◆ Work required ◆
Write out the lines of the material below exactly, beginning at the line with "Schwungrad Opel Vectra, C" and stopping after the line with "Read Absolute Sword", and leave out the pictures.

◆ Available data ◆
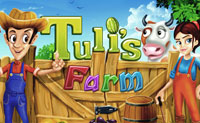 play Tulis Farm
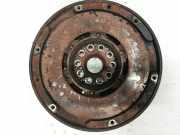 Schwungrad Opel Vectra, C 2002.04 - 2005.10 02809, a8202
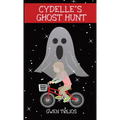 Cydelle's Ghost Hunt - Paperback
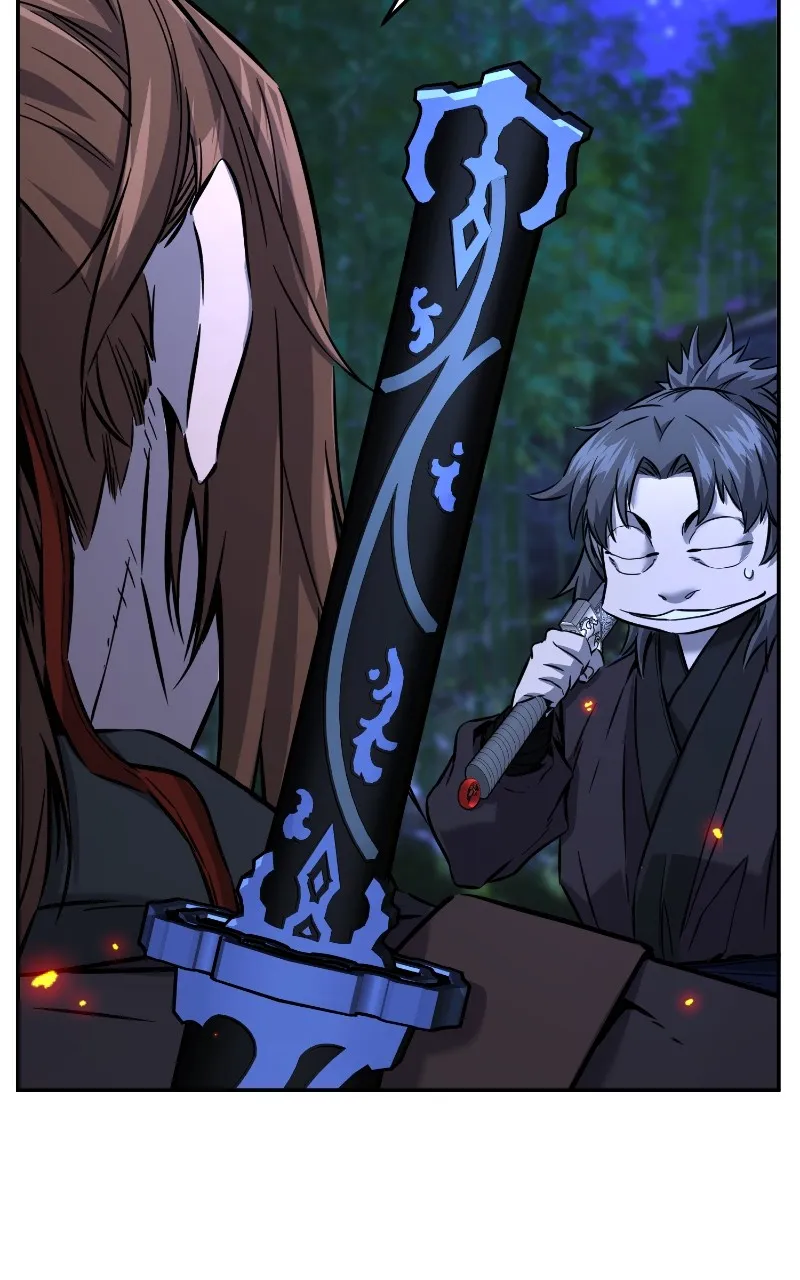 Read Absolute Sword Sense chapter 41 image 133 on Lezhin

==

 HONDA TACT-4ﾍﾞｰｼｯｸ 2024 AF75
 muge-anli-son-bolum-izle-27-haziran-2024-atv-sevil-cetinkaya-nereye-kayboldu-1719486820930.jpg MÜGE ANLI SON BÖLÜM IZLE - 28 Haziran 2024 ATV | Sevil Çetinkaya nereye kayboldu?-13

◆ Finished task ◆
 Schwungrad Opel Vectra, C 2002.04 - 2005.10 02809, a8202
 Cydelle's Ghost Hunt - Paperback
 Read Absolute Sword Sense chapter 41 image 133 on Lezhin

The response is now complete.